AWT News Update: October 12, 2015

After a long weekend, the AWT News Update returns with news of the A9 chip manufacturing controversy that wasn't... and more:

  • It doesn't matter who made the A9 system-on-a-chip that's in your iPhone 6s or iPhone 6s Plus. Really.
  • iOS 9.1 is getting closer to release with the release today of beta 5.
  • releases an updated list of iOS 9 Safari content blocker apps.

Text Version

Hi, I’m Steve Sande from Apple World Today, and this is the AWT News Update for October 12, 2015. I’d like to apologize for not publishing the News Update last Thursday and Friday. Due to issues beyond our control, we were unable to complete the podcast recording on time.

There’s been a lot of controversy about the fact that Apple used chips sourced from two different vendors — TSMC and Samsung — in the iPhone 6s and iPhone 6s Plus. What started the controversy was testing done with the popular Geekbench app that showed a significantly lower battery test score for the Samsung chip than for the TSMC chip. Apple responded almost immediately that the Geekbench app does not test real-life usage and that the company only saw 2-3% differences in battery use in their testing. Now Ars Technica has conducted controlled battery life tests on two iPhone 6s models, one with the TSMC A9 chip and one with the Samsung model. The results were exactly what Apple had predicted, with the battery life being extremely close for both chips under real-life conditions. When the Geekbench Battery Test was conducted, the Samsung chip caused 28% less battery life. The moral of the story? Your battery life won’t vary more than 2 to 3% if you’re using a Samsung chip rather than the one from TSMC. Don’t sweat it.

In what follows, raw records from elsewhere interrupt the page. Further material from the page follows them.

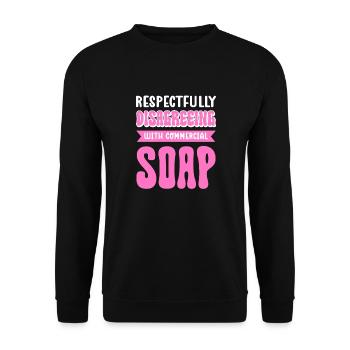 Mit Kommerzieller Seife Respektvoll Nicht - Unisex Pullover - Schwarz - Vorne - Alina (178cm) & Michal (187cm)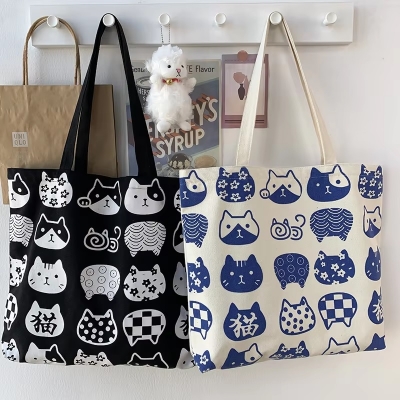 Picture of Printed Premium Quality Canvas Tote Bag, Cartoon Printed Tote Bag With Zipper CP-04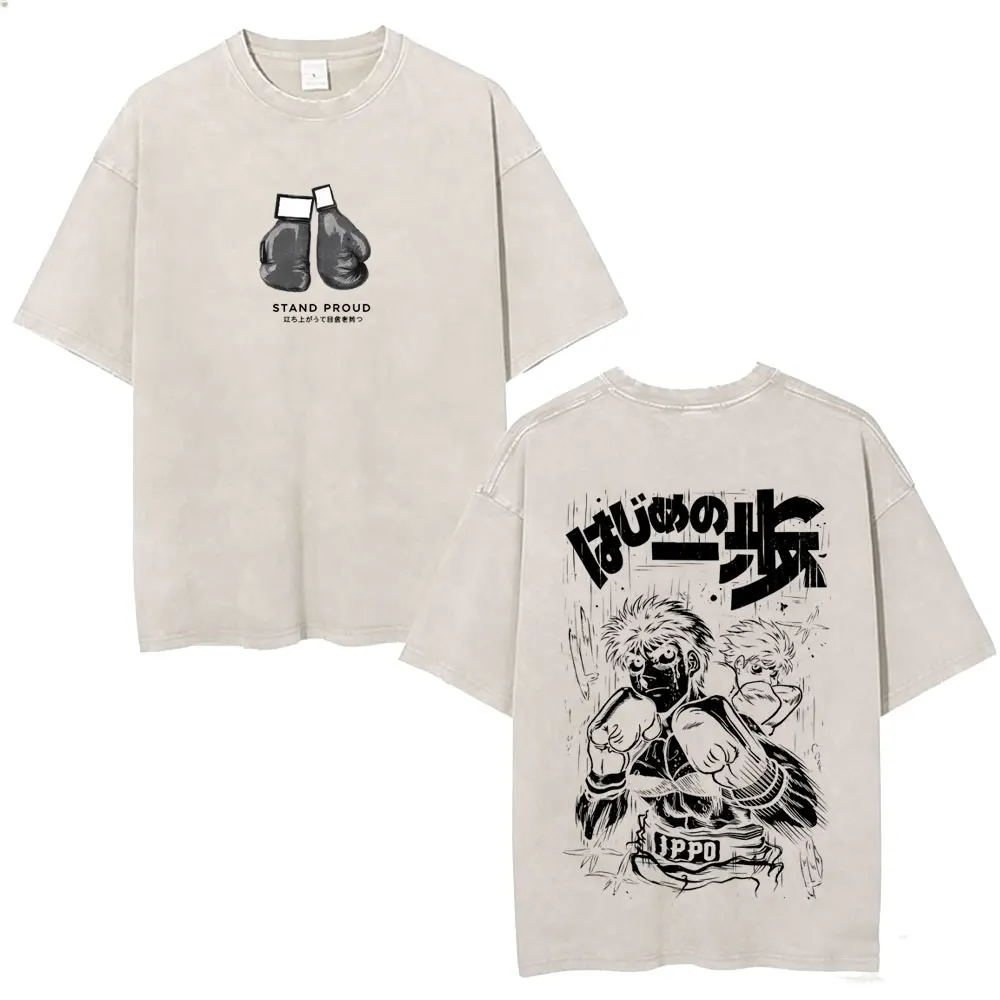 Washed Retro Anime Hajime No Ippo T-shirt Makunouchi Takamura KGB T Shirt Kamogawa Boxing Gym Tshirt Men Vintage Oversized Tees
Washed Retro Anime Hajime No Ippo T-shirt Makunouchi Takamura KGB T Shirt Kamogawa Boxing Gym Tshirt Men Vintage Oversized Tees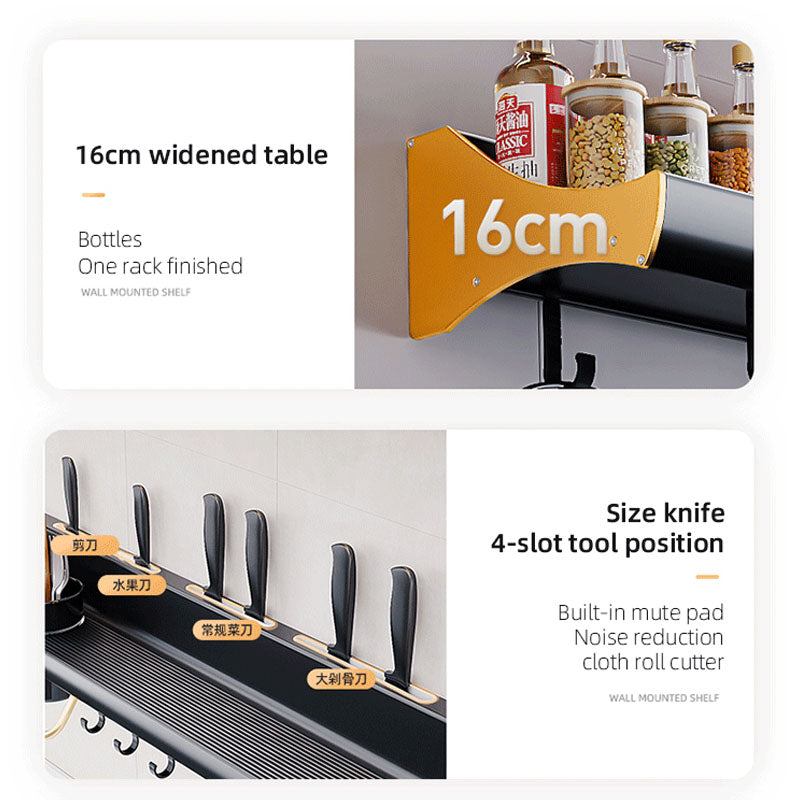 Knife-Utensil Wall Rack w Shelf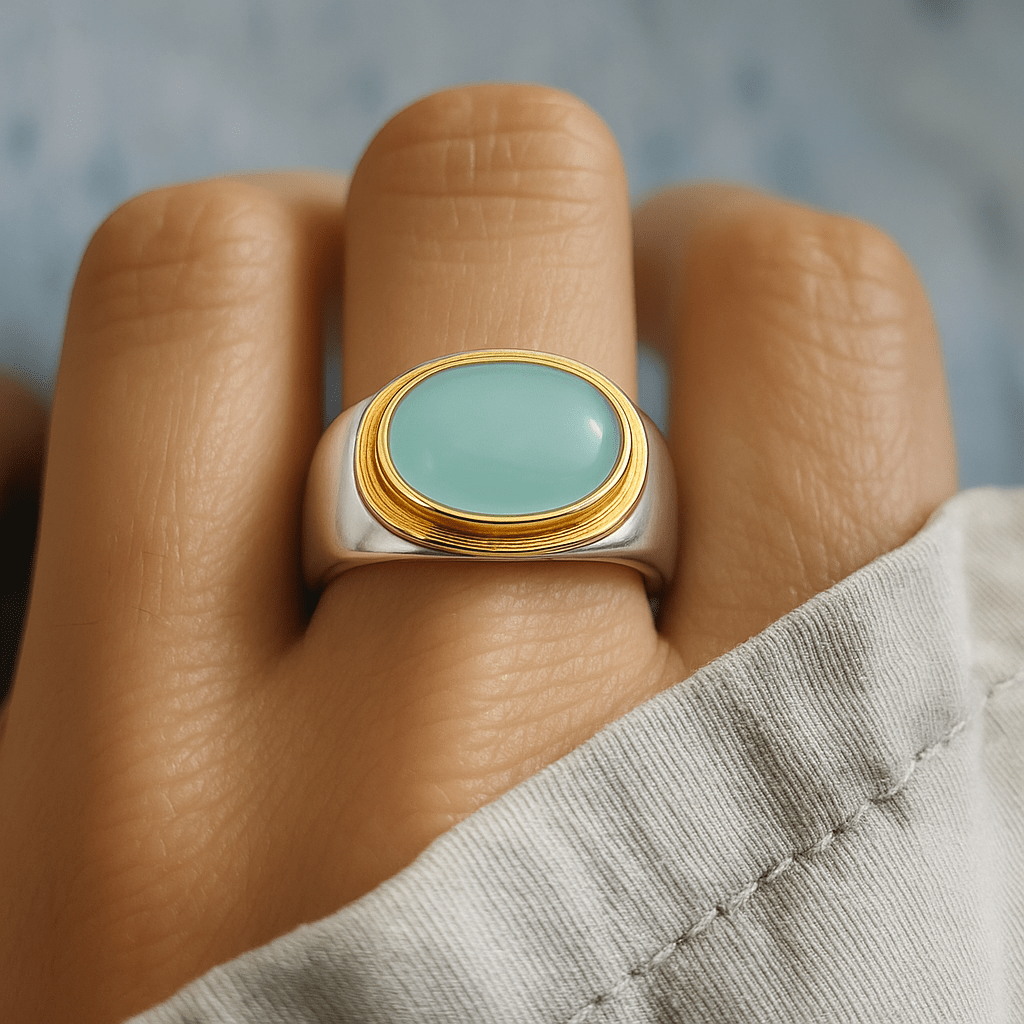 Vintage Green Moonstone Ring - Velvet Haven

Although it seems like Apple just released iOS 9.0.2, the company is getting close to releasing iOS 9.1. The new version is going to have compatibility updates for the new fourth-generation Apple TV and soon-to-arrive 12.9-inch iPad Pro. Since the latter device has two accessories that are integrated deeply into the operating system — the Smart Keyboard and Apple Pencil — the 9.1 release will be required before the company can ship the big iPad. 9.1 also includes support for Unicode 8, which means that we’ll finally have support for important emoji like the taco, burrito, unicorn head, cheese wedge and middle finger. Expect to see iOS 9.1 in late October.

Shortly after iOS 9 appeared, a few content blockers or ad blockers became available, with apps like Purify and Crystal taking an early lead. Now Apple fan Carlos Oliveira and Apple site have created and published a list of 27 content blockers, along with information on whether or not they’re free and if they allow you to create your own whitelist so that your favorite sites — like Apple World Today — can still show you non-obnoxious ads. That list can be found here.

I’ll be back tomorrow afternoon with another edition of the AWT News Update.